The Wire is the most lovely thing in the recent history of storytelling. To see game of thrones killed by incompetence, not that that show has anything to do with this one, this is pure gold!
This clip leaves the funniest parts. When the detective peers thru the window and sees Bird 'sleeping in la la land'. Omars line, "Bird sho knows how to bring out the worst in people." Lol
Thugs like Bird who probably have an IQ lower than 90 and never went to high school, only understand inner base instincts like strength (violence). Too ignorant and stupid to know any better.
The scenes with Omar and Bird were my fav in the entire series. Omars testimony, the scene where Bird walks past Omar and McNulty on the way to jail. So funny 😂
What I like about this show and esp this scene with Bunk and Omar is that Bunk takes a second before he grabs the clipboard and makes a decision that effects the rest of the series. And it's that he see's Omar as himself. He knows a few bad decisions is the difference between him and Omar. But one that distinction is made, its done. You can't go either way again. You are what you are at that point. After Bunk here's Omar remembers him he perks up as a cop and see's value in him. A chance to clear a lot of murders and have an ace in his pocket for all future murder's. He knows he can trust him as he has no reason to lie as even tho Omar is a bad person, he embraces what he is and uses it as a strength every day. Which is what Bunk does. They respect each other a lot because they are the same person. Married to the person they chose to become.
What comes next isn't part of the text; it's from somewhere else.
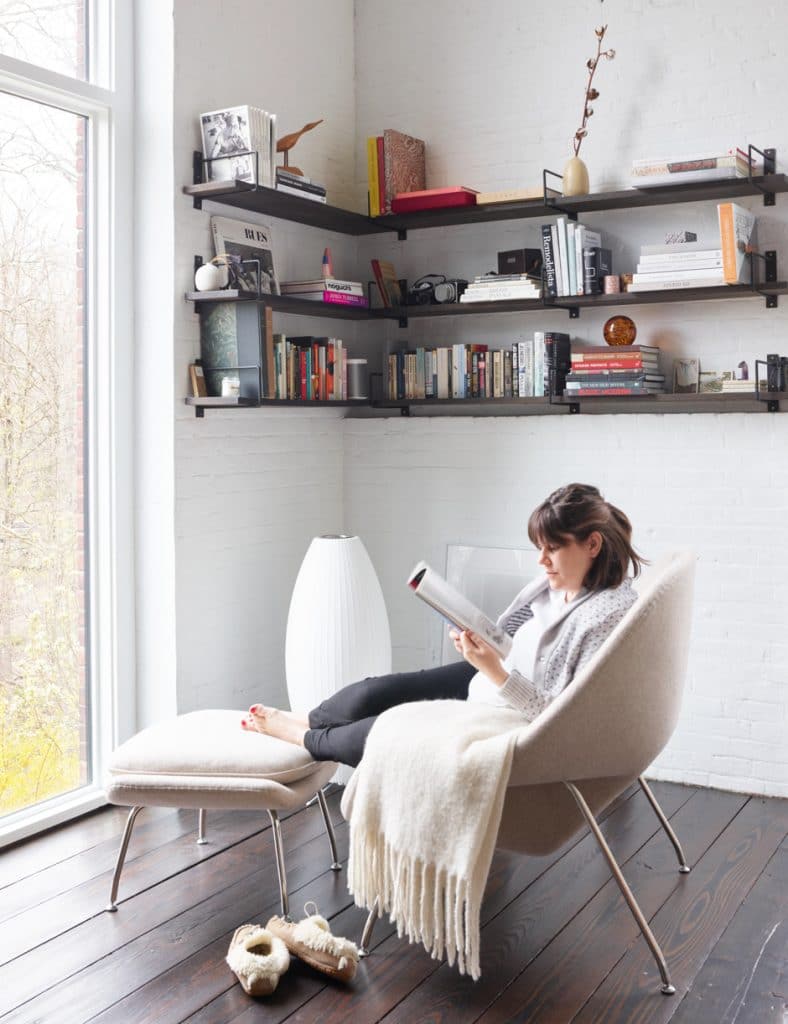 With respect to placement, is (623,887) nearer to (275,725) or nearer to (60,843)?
(275,725)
I never picked up that Bunk says that line first and then Omar kind of carries it the rest of the series. Like so many others their characters keep intertwining over the years. It's so relevant to the entire show as well. You see honest portrayals of the consequences of the adherence to whichever individual code that each character follows played out over time.
Lol Kinda funny how this scene also showcases the police's abuse of power when they beat up Bird, who's currently not a threat. But as a viewer you're just like "Yeah get him, beat his ass up!" Lmao
Finally watched this series. Honestly there isn't anything in the modern era of television/streaming that comes close to this. 150/100. Best show period.
The writing of this show was a major reason of how real the characters felt. And this is the only show in which all the characters were interesting in their own ways.
Landsman was one of the most underrated characters. On the surface he's just comic relief, but he adds a lot to the Homicide Unit storylines, and his constant wisecracks make his serious scenes all the more impactful. Plus this entire show is based on his real-life counterpart.